Ekonomi Asia Tenggara diperkirakan akan mengalami pertumbuhan yang lebih lambat pada tahun 2018, meskipun mengalami awal yang kuat untuk tahun ini.
Menurut ICAEW Economic Insight terbaru: laporan South-East Asia, pertumbuhan di kawasan ini diperkirakan akan mencapai 4,9% dari 5,3% pada tahun 2017, sebagai hasil dari pertumbuhan ekspor yang moderat di seluruh wilayah dari akselerasi tajam pada tahun 2017.
Berbeda dengan AS dan Eropa, Asia memiliki awal 2018 yang menjanjikan, dengan pertumbuhan ekonomi Asia Tenggara sebesar 5,2% year on year (yoy), sedikit lebih lemah dari kuartal sebelumnya, sebesar 5,3%.

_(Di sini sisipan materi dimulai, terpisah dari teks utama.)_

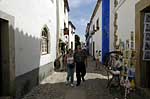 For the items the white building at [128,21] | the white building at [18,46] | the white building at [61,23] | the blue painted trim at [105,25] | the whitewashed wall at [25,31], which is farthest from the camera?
the white building at [61,23]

Singapura dan Filipina keduanya mencatat pertumbuhan yang dipercepat dalam produk domestik bruto (PDB), sementara momentum menurun di Vietnam, Thailand, Indonesia dan Malaysia, meskipun pertumbuhan di negara-negara ini tetap di atas rata-rata di 2012/16.
Sian Fenner, Penasihat Ekonomi ICAEW dan Ekonom Oxford Lead Ekonomi Asia, mengatakan pertumbuhan ekspor di seluruh negeri diperkirakan menurun dari kinerja yang kuat pada tahun 2017, yang mencerminkan permintaan impor Cina yang lebih kecil dan normalisasi dalam siklus elektronik global.
“Kami mengharapkan penurunan moderat dalam pertumbuhan PBD Asia Tenggara menjadi 4,9% pada 2018. Perlambatan diperkirakan akan meningkat, dan hanya Indonesia yang tumbuh lebih cepat daripada tahun 2017,” katanya dalam siaran pers pada Kamis (7/6).
Meskipun Indeks Pembelian Manajer Pembelian (PMI) regional sebagian besar tetap ekspansif, namun terus menurun di bulan April, menunjukkan momentum aktivitas yang berkurang. Tren serupa telah terbukti dalam data perdagangan baru-baru ini yang menunjukkan perlambatan pertumbuhan ekspor.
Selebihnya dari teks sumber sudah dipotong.